Jorge Macedo ajudou a moldar o imaginário da independência e o sentido da angolanidade, não apenas como agente do passado, mas como visionário do futuro. E foi também por isso que contribuiu, por exemplo, com a transcrição e harmonização musical do que viria a ser o nosso Hino Nacional, facilitando a sua orquestração por músicos russos, mais um gesto de entrega à causa maior.
Com uma formação que cruzou filosofia, etnomusicologia, jornalismo e pedagogia, Jorge Macedo exerceu funções em instituições-chave, do Ministério da Cultura ao CICIBA, da Academia de Música ao Orfeão Universitário de Luanda, tendo levado Angola a palcos internacionais com distinção. Mas o seu legado mais duradouro talvez seja o de ter acreditado nos jovens quando poucos o faziam, de ter aberto portas, emprestado livros, escrito prefácios, fazer correções de letras musicais de muitos bons artistas consagrados, orientado textos e, acima de tudo, de ter sido exemplo.

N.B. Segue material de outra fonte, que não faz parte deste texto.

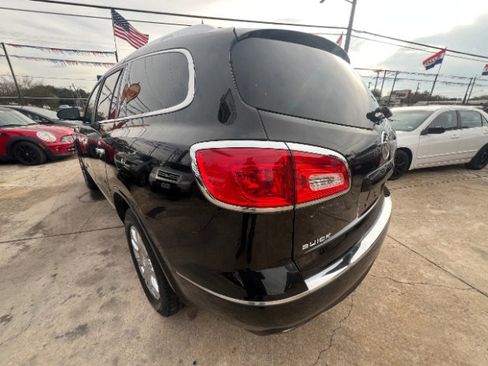 Used 2016 Buick Enclave Leather image 7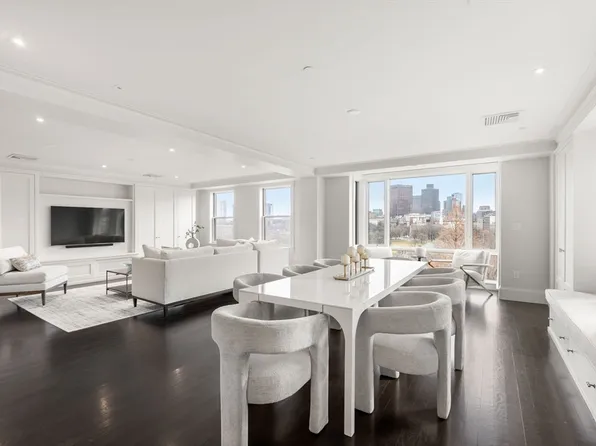 2 Commonwealth Ave #10-A, Boston, MA 02116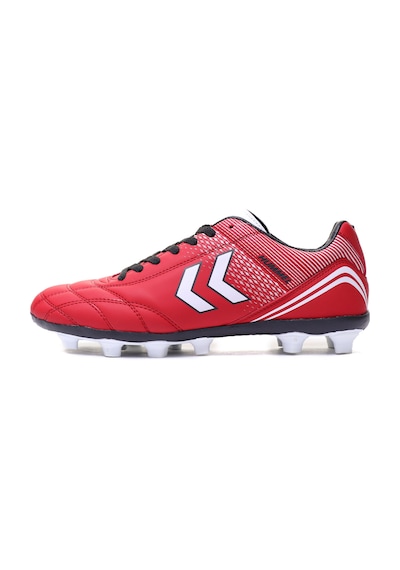 Hummel Faver True Red Unisex Krampon 900265-3066 Kırmızı
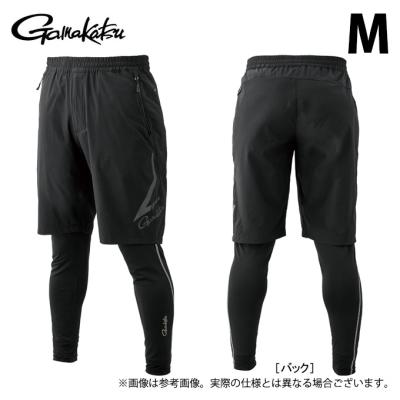 Gamakatsu フィッシングパンツ｜フィッシングウエア｜釣り｜アウトドア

A sua condecoração é um momento de justiça histórica, mas é também um convite à memória activa, que o seu nome seja resgatado dos silêncios e reintegrado no centro da nossa consciência colectiva. Jorge Macedo viveu para que outros pudessem sonhar e escrever em liberdade. E hoje, cada jovem que publica um livro, cada músico que toca uma marimba, cada cidadão que ergue a voz por uma Angola mais justa, caminha sobre as notas e os versos que ele semeou.